■ TASK STATEMENT
Every line from the one with "Монитор Dell U3415W" up to and including the one with "Used Rear spoiler" is to be output exactly as it appears below; pictures are not.

■ SUPPLIED RECORDS
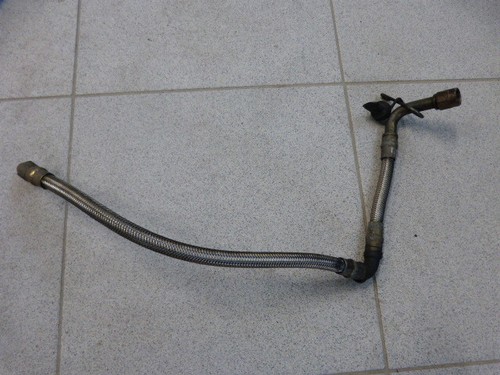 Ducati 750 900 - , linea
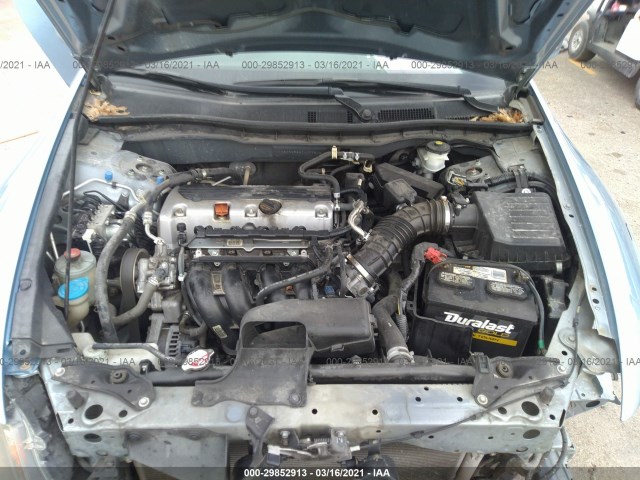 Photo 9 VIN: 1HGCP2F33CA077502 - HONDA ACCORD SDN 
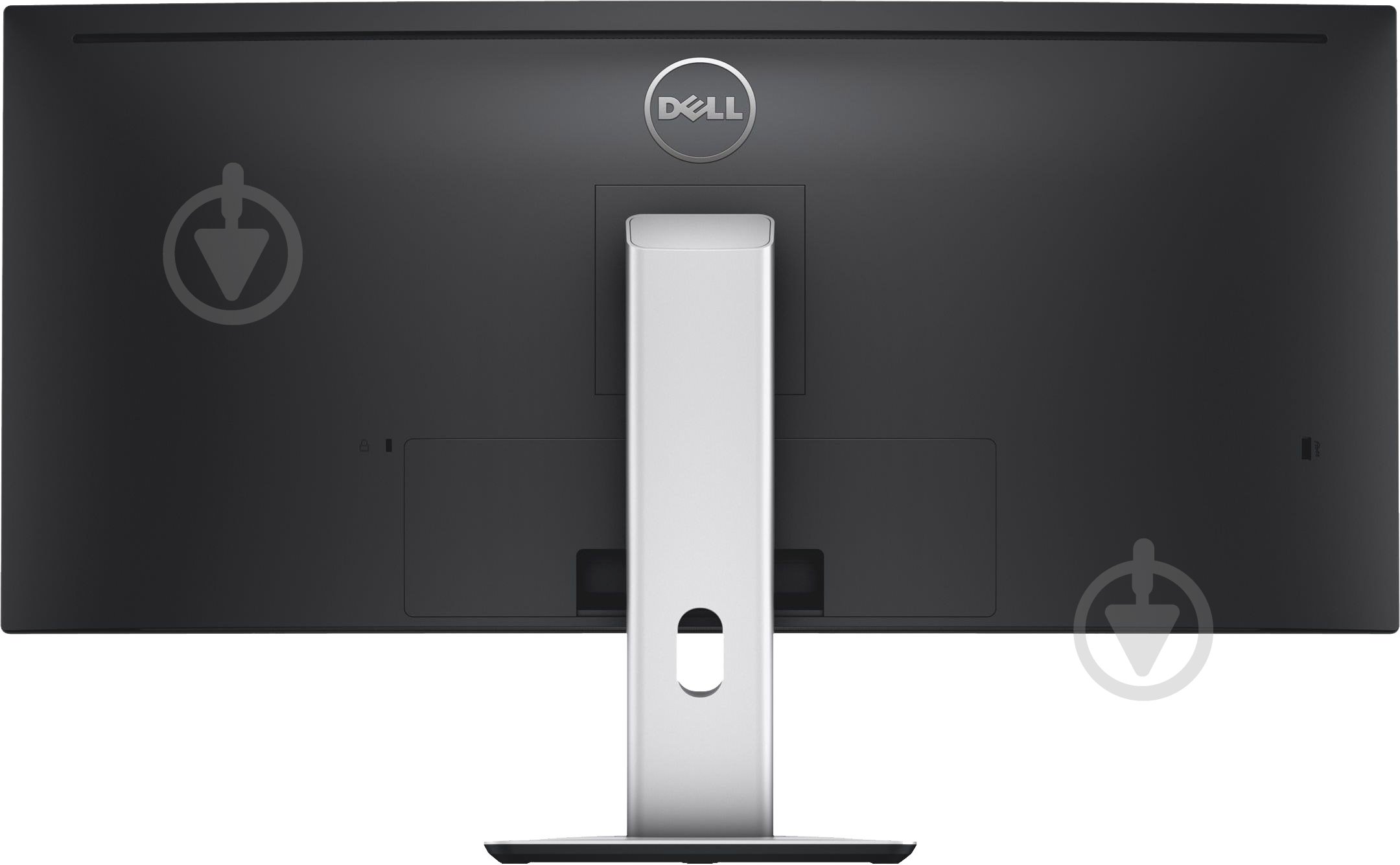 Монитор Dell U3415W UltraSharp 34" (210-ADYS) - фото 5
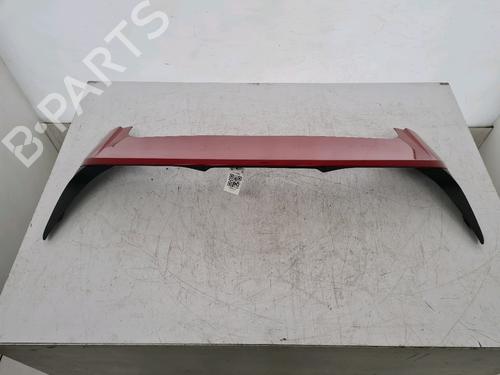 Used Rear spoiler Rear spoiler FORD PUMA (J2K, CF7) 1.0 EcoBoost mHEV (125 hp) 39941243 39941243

==

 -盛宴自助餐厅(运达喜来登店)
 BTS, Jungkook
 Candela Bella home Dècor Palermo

■ WRITTEN ANSWER
 Монитор Dell U3415W UltraSharp 34" (210-ADYS) - фото 5
 Used Rear spoiler Rear spoiler FORD PUMA (J2K, CF7) 1.0 EcoBoost mHEV (125 hp) 39941243 39941243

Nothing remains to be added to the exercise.